ABOUT THIS EXERCISE: Take the line containing "Magnesium & Vitamin" and all lines after it, through the end of the material, and repeat them exactly, pictures left out.

GIVEN DATA:
=====

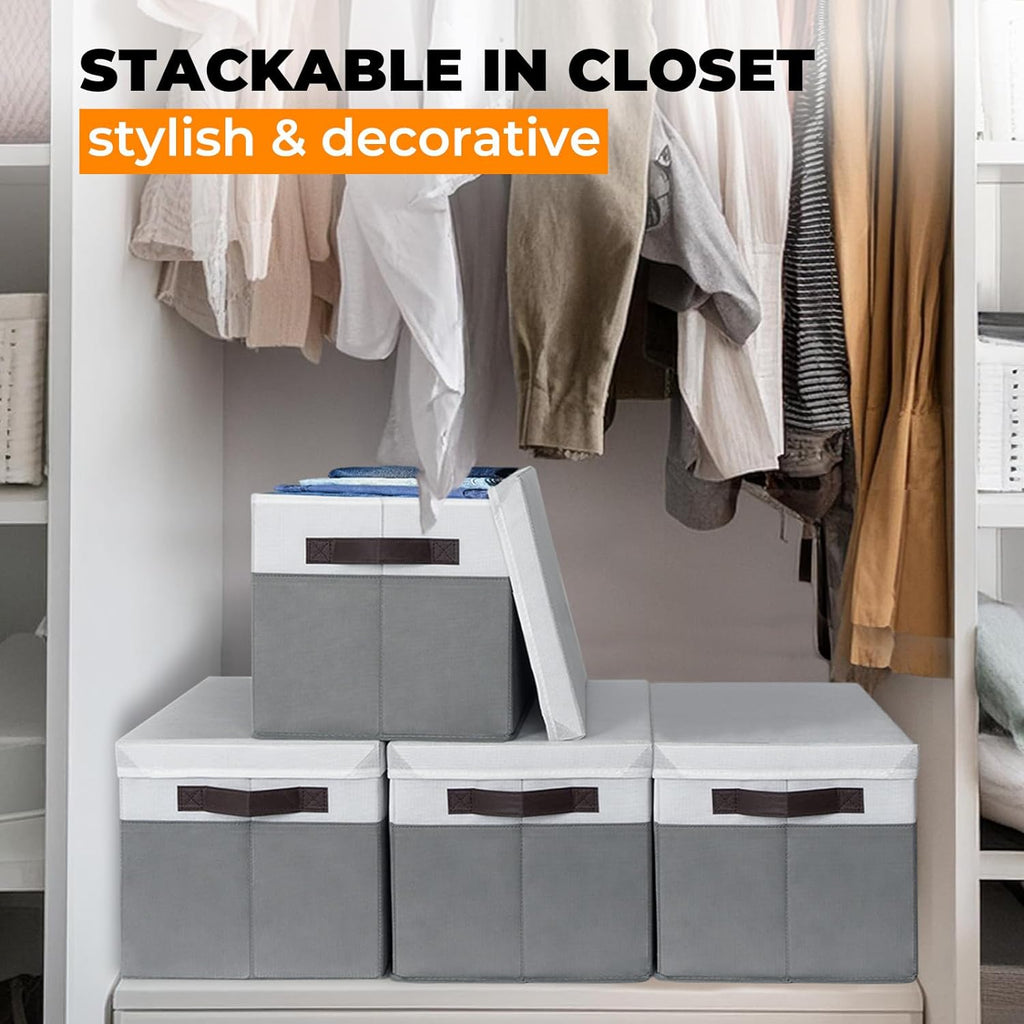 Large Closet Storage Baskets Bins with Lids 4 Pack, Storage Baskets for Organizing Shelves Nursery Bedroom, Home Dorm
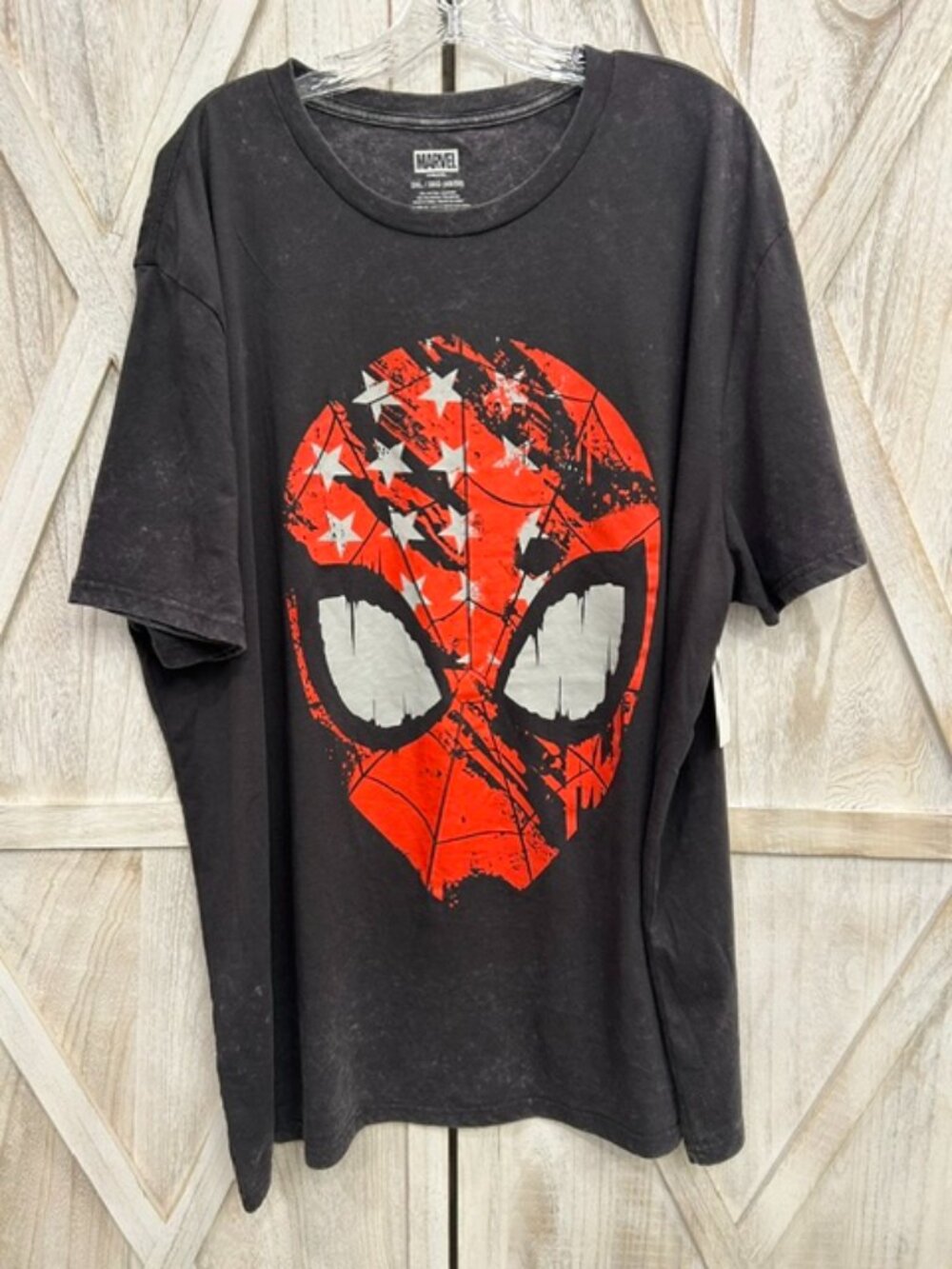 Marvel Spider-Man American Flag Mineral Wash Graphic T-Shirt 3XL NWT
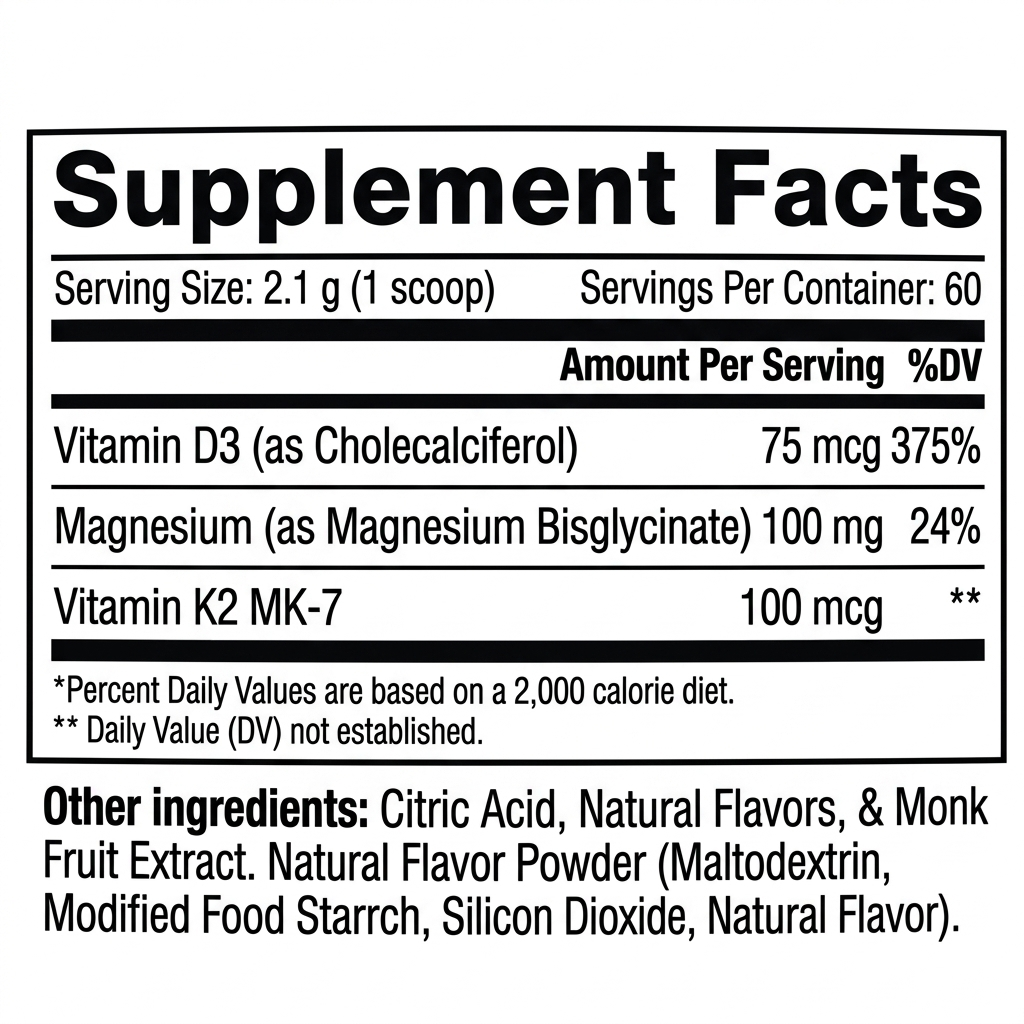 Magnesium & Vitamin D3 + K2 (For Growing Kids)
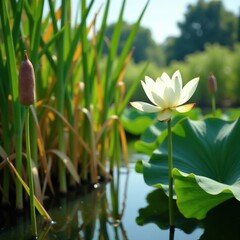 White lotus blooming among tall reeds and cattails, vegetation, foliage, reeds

=====

ANSWER BELOW:
 Magnesium & Vitamin D3 + K2 (For Growing Kids)
 White lotus blooming among tall reeds and cattails, vegetation, foliage, reeds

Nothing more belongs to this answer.